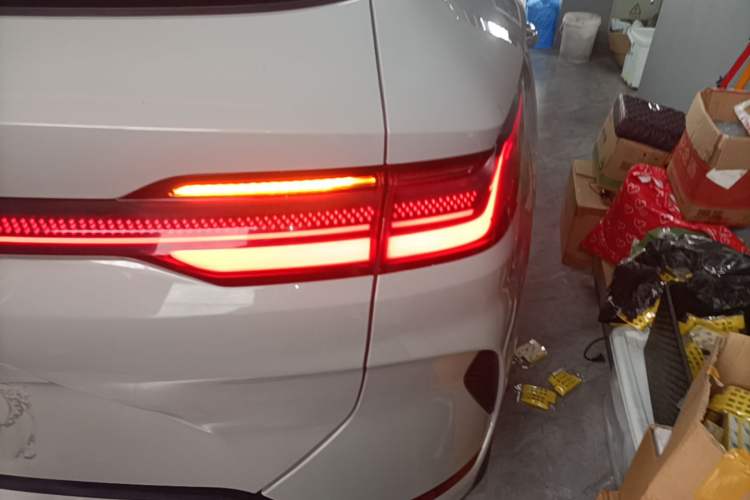 Used BYD Song PLUS New Energy 2023 Champion Edition DM-i 110KM Flagship Model Right Rear Taillight
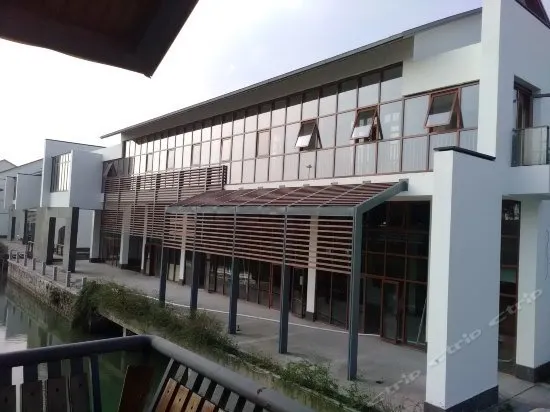 SUZHOU TAI LAKE INTERNATIONAL YOUTH HOSTEL - Image 1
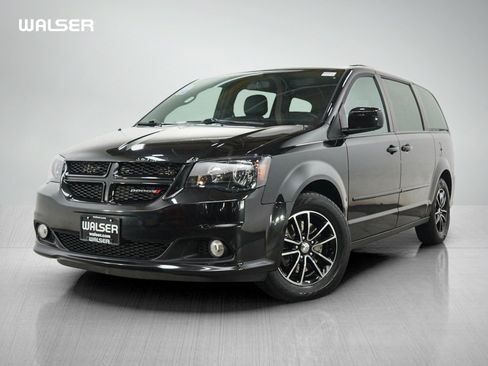 Used 2016 Dodge Grand Caravan R/T FWD image 1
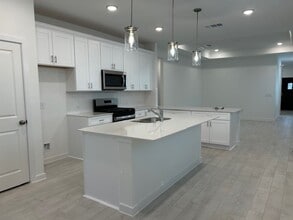 20811 Summit St in Tomball, TX - Building Photo - Building Photo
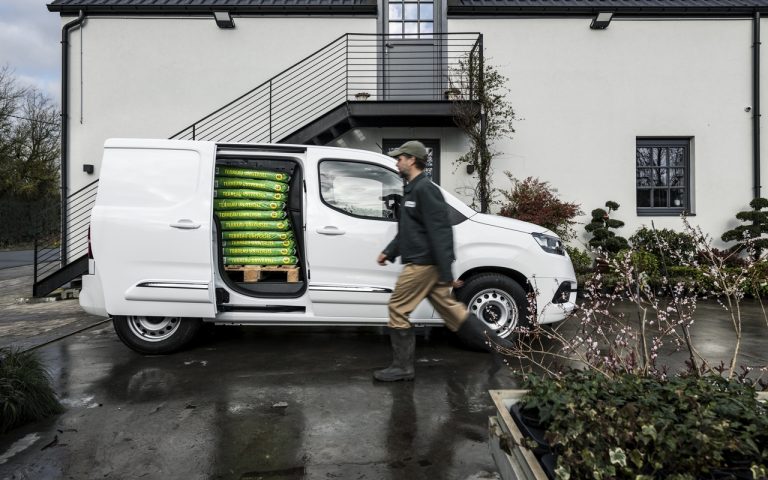 Nuovo Toyota Proace City: immagini ufficiali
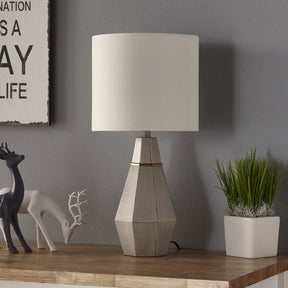 European Style Minimalist Resin Table Lamp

============================================================

Work required —
The entries above should be retyped word for word, with all pictures omitted.

Answer section —
 Used BYD Song PLUS New Energy 2023 Champion Edition DM-i 110KM Flagship Model Right Rear Taillight
 SUZHOU TAI LAKE INTERNATIONAL YOUTH HOSTEL - Image 1
 Used 2016 Dodge Grand Caravan R/T FWD image 1
 20811 Summit St in Tomball, TX - Building Photo - Building Photo
 Nuovo Toyota Proace City: immagini ufficiali
 European Style Minimalist Resin Table Lamp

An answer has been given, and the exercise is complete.